On ne peut d’ailleurs pas séparer les inégalités raciales et la politique impérialiste française (françafrique, soutien à Israël, intervention en Afghanistan, etc…), la politique coloniale outre-mer et la politique vis-à-vis de l’immigration. Dans tous ces cas, il s’agit de préserver la domination du Nord sur le Sud. Les indigènes en France sont considérés comme les représentants du Sud à l’intérieur même du territoire français. C’est pourquoi, du reste, on en parle souvent comme d’une « Cinquième colonne ». Par conséquent, un parti des quartiers ne peut être préoccupé que par les questions qui concernent exclusivement les quartiers ; il doit avoir une perspective politique anticolonialiste et anti-impérialiste.
C’est ce que disait Malcolm X, dans un discours prononcé en 1963 : « Ceux qui viennent (m’écouter) le font car il leur paraît important de comprendre non seulement les problèmes locaux mais aussi les questions internationales, et la manière dont notre peuple, les Afro-américains, s’inscrit dans cet ordre international. (…) Au bout de cinq minutes de conversation, vous avez repéré si votre interlocuteur a l’esprit étroit ou non, si son intérêt se porte sur son quartier ou sur le monde. Avec leurs connaissances limitées, les gens étroits d’esprit pensent qu’ils ne sont affectés que par la vie du quartier. Au contraire, celui qui se tient au courant de la politique internationale sait que les événements qui se déroulent au Sud-Vietnam peuvent rejaillir sur sa vie à St-Nicholas Avenue, ou que ceux qui se passent au Congo peuvent se répercuter sur sa situation sur la Huitième, la Septième ou la Lenox Avenue. Quiconque réalise l’impact du moindre événement dans le monde sur son quartier, son salaire, son acceptation ou non par la société, s’intéresse d’emblée aux affaires internationales. Par contre, une personne qui estime que seul ce qui se passe de l’autre côté de la rue ou en ville la concerne ne s’intéressera à rien d’autre. »
Malcolm X avait parfaitement raison et c’est pourquoi nous avons donné son nom au Congrès de fondation de notre parti.
5°) Le Congrès « Malcolm X » du PIR
Les 27 et 28 février 2010, nous avons constitué le PIR. A cette occasion, pour clarifier notre projet, nous avons discuté et adopté un texte qui précise quelle sera a politique du PIR en tant que parti des quartiers et n parti décolonial.

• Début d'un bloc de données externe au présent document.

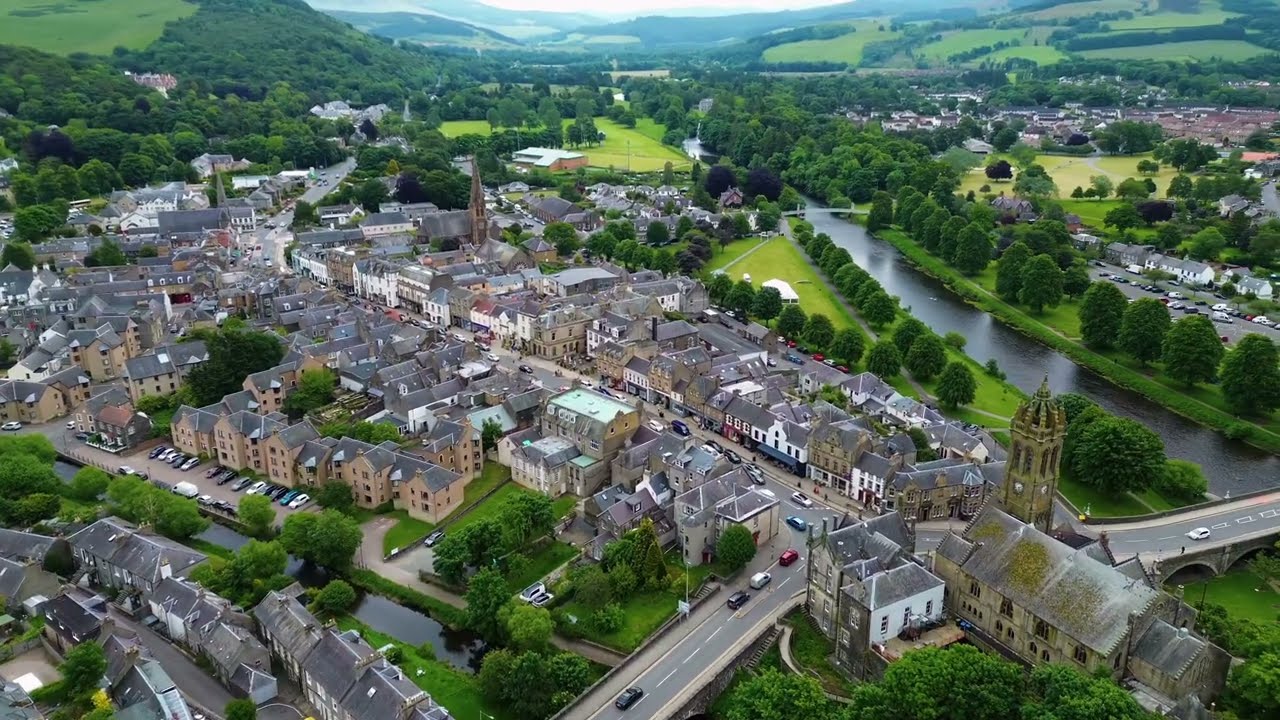 quick look around ( Peebles ) in the Scottish Borders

Ce texte a pour titre : « Principes politiques généraux ». Le PIR y est défini comme : 1) un parti autonome de tous ceux qui sont traités comme des indigènes, pour que ceux-ci soient enfin représentés sur la scène politique, 2) un parti de résistances et de luttes quotidienne contre le mépris, la misère et la ségrégation raciale et culturelle, 3) Un parti décolonial qui agit pour transformer en profondeur la société et l’Etat français afin que puissent être réalisées la justice, l’égalité et la dignité de tous, indépendamment de leurs cultures, de leurs couleurs et de leurs religions, 4) un parti solidaire des luttes anti-impérialistes et anticolonialistes en Afrique, dans les territoires d’Outre-mer, en Palestine et ailleurs.
Ces 4 points constituent la base nécessaire d’un véritable parti des quartiers populaires. Ils sont au cœur de la politique du PIR.
* Cet article a été mis en ligne en avril 2010.